Twitter can help to improve TV ratings according to a new study released by the research experts at Nielsen.

Nielsen’s figures reveal a “two-way causal influence” between broadcast TV tune-in and the conversation on Twitter around the programme.

“Using time series analysis, we saw a statistically significant causal influence indicating that a spike in TV ratings can increase the volume of tweets, and, conversely, a spike in tweets can increase tune-in,” said Paul Donato, Nielsen’s chief research officer.

The study analysed 221 episodes of primetime shows and found that TV ratings directly affected the number of related tweets in 48 per cent of the episodes examined. In addition, the volume of tweets brought on changes in live TV ratings for 29 per cent of episodes.

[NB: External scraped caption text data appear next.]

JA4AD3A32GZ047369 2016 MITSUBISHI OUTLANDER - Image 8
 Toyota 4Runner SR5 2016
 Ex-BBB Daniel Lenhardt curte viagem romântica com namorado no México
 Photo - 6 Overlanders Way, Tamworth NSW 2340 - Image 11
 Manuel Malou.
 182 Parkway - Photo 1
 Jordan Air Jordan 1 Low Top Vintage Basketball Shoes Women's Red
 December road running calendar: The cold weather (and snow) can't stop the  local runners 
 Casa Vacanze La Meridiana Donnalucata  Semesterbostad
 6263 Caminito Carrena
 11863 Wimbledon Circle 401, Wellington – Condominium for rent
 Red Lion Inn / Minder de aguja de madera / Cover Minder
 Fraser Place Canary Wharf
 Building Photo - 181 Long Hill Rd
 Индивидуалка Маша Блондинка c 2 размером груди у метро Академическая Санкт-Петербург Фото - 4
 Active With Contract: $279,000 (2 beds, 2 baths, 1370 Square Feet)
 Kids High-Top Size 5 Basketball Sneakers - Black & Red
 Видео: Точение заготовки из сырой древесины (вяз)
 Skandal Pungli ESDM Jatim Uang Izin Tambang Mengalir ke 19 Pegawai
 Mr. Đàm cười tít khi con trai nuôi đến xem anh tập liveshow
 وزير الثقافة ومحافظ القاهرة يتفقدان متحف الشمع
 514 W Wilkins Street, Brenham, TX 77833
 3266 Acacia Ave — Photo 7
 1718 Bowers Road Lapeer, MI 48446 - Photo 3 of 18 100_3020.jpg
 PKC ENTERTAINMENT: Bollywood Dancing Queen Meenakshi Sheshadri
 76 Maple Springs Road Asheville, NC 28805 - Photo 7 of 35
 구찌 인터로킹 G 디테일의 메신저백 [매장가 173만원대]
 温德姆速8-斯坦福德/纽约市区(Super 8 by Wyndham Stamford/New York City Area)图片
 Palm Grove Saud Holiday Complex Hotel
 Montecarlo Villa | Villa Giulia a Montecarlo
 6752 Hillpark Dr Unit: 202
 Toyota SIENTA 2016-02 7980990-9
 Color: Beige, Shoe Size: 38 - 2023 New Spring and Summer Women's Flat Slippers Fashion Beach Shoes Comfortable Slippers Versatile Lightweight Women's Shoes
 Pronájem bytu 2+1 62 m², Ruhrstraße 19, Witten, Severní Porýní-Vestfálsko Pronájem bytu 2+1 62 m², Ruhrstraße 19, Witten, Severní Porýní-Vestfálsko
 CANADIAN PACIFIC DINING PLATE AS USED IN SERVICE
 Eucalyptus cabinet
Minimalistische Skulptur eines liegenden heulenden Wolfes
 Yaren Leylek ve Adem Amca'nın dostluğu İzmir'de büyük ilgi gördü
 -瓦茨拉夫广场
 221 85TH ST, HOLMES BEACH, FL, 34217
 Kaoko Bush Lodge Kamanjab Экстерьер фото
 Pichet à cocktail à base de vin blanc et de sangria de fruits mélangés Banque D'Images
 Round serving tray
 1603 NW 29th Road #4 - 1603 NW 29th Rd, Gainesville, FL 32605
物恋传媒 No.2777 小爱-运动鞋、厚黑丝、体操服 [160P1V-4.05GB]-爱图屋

“This rigorous, research-based approach provides our clients and the media industry with a better understanding of the interplay between Twitter and broadcast TV viewing,” Donato added.

Twitter stated the evidence merely confirmed what their TV partners have been telling them for some time and serves to backup Twitter’s decision to invest “heavily” in TV.

"These results substantiate what many of our TV partners have been telling us anecdotally for years: namely, that Twitter drives tune-in, especially for live, linear television programming,” said Ali Rowghani, COO at Twitter.

Twitter isn’t the only social firm to be taking TV seriously with Facebook among those trying to use it as a revenue stream. Just last week rumours emerged that Facebook is looking at offering TV advertising on its site with the plan to sell 15-second slots for up to $2.6 million [£1.6 million] per day.

TV advertising still dwarfs Internet advertising with figures showing the TV ad spend will reach $63.6 billion [£41.85 billion] in 2013 with Internet ads expected to generate just $36.2 billion [£23.8 billion] in comparison.